Watchdog Alerting/Monitoring
Introduction
HySDS core functionalities include monitoring and alerting services. For exampole, it can monitor if a queue is inactive (not processing the waiting jobs) or absence of a successful completion of a particular job type within certain period of time and send alert through email or slack channel which allows users to take necessary action if needed.
Queue Monitoring
It monitors if any queue is inactive or a job is hanging there for long time.
Source code
check_queue_periodicity.py
Command
python check_queue_periodicity.py <rabbitmq_account>:<port_no> periodicity_time -s <slack_channel> -e <email_address>
How it works
- User passes Rabbit MQ account information through command line
- Using Rabbit MQ API call, get all the queue informations and filter out all the unwanted queues such as any queue starts with ‘celery’ or any queue for which there is no message waiting in the queue
- For the queues selected, get the following information
- How many jobs are waiting in the queue (‘message_ready’)
- How many jobs that are presently running (‘unack’)
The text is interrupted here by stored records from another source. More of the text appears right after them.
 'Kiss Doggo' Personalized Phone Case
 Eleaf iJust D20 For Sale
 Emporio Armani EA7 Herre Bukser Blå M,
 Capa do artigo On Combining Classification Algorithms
- If jobs_waiting>0 and jobs_running=0, send an alert for “possibly queue inactive”
- If jobs_running>0, query Elasticsearch to find out the information about last job started. If job started longer than periodicity time (passed by user through command line, presently set for 4 hours), send an alert about ‘possible job stacked’
Job Monitoring
It monitors if a particular job type does not have any successful job completion within a ceratin period of time
Source Code
check_job_periodicity_combined.py
Command
python check_job_periodicity_combined.py <job_type> -s <slack_channel> -e <email_address>
Jobs presently monitoring
- job-sling
- job-s1_orbit_crawler
- job-s1_calibration_crawler
- job-csk_scrape
- job-csk_incoming
- job-spyddder-extract (for CSK)
How it works
- User passes job type (with release information) and time limit through command line
- Check for “Successfully Completed” jobs: Query Elastic search, for information about the last job successfully completed.
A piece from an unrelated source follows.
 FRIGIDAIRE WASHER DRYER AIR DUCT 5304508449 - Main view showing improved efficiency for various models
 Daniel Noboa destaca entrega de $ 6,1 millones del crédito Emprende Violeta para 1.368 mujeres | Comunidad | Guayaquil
- If the last job successfully completed time is within the time range, NO alert is sent. The program exits.
- If no information is found and if the job type is NOT ‘csk-incoming’ or ‘csk extract’, add in the error report that “No successfully completed job found” and go to next step “Check for Failed Jobs”.
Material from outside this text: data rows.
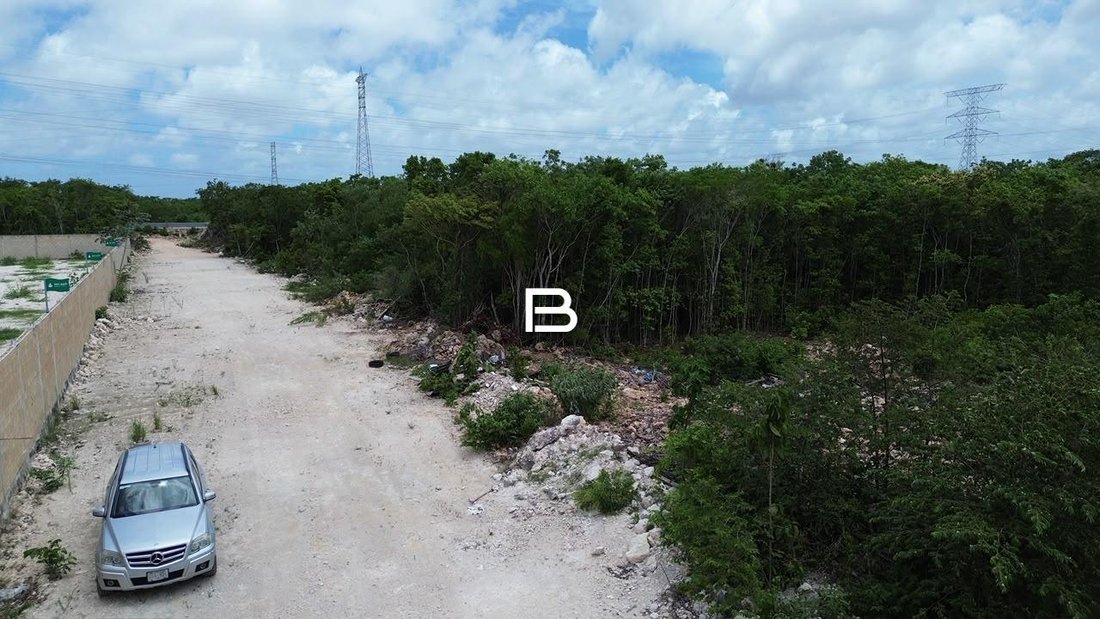 Land in Alfredo V. Bonfil, Quintana Roo, Mexico 2 - 18589349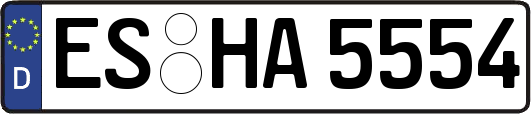 ES-HA5554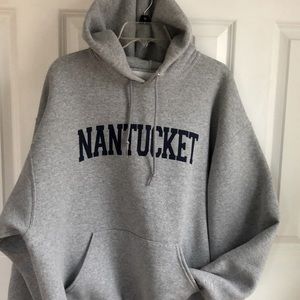 Extra Large Friut of the loom super cotton Mens hooded Sweatshirt.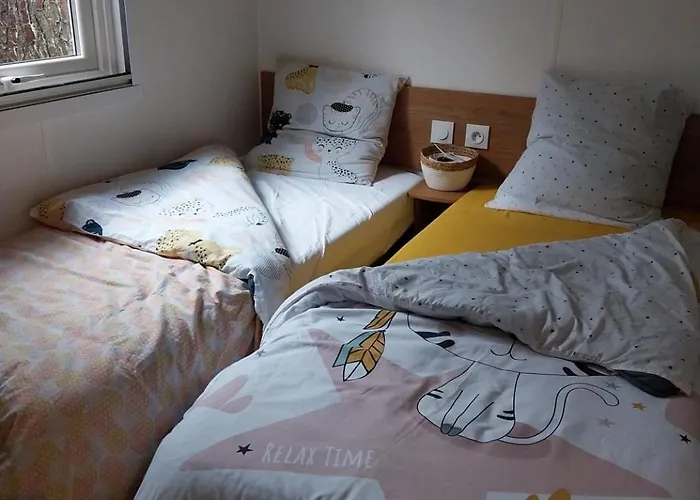Mh 133 3 Et 1 Salle De Bain Dans 4 Etoiles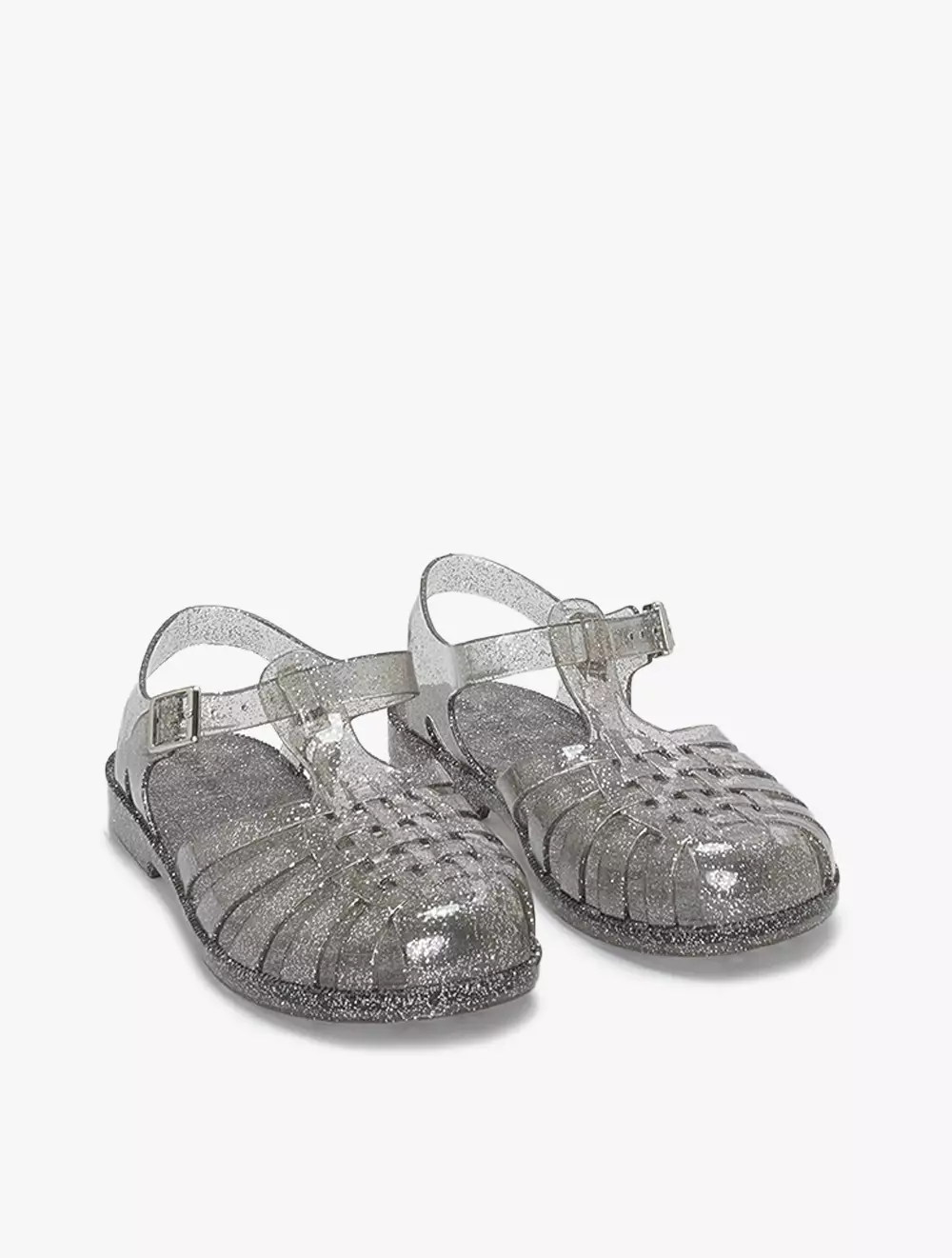 payless jelly sandals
- If the last job “successfully completed” time is beyond the time range and if the job type is NOT ‘csk-incoming’ or ‘csk extract’, record the last successfully completed jobs end time in the error report and go to next step “Check for Failed Jobs”.
- If the job-type is ‘csk-incoming’ or ‘csk extract’, just go to next step “Check for Failed Jobs”. (“csk-incoming” and “csk-extract” job does not run unless there is a new csk dataset available, so it is not an error)
- Check for “Failed” jobs: Query Elastic search, for information about the last job failed.
- If no information is found and if the job type is NOT ‘csk-incoming’ or ‘csk extract’, add in the error report that “No failed job found” for that job type.
- If the job type is ‘csk-incoming’ or ‘csk extract’ and the last job failed time is BEYOND the time range, no alert is sent and the program exists.
- Otherwise, get the information about the last job that failed, add to the error report (This is true for job type ‘csk-incoming’ and ‘csk extract’ too as long as the last job failed time is WITHIN the time range)
- Send the alert: Create a detailed error report containing all the messages added to it and send the alert to the slack channel.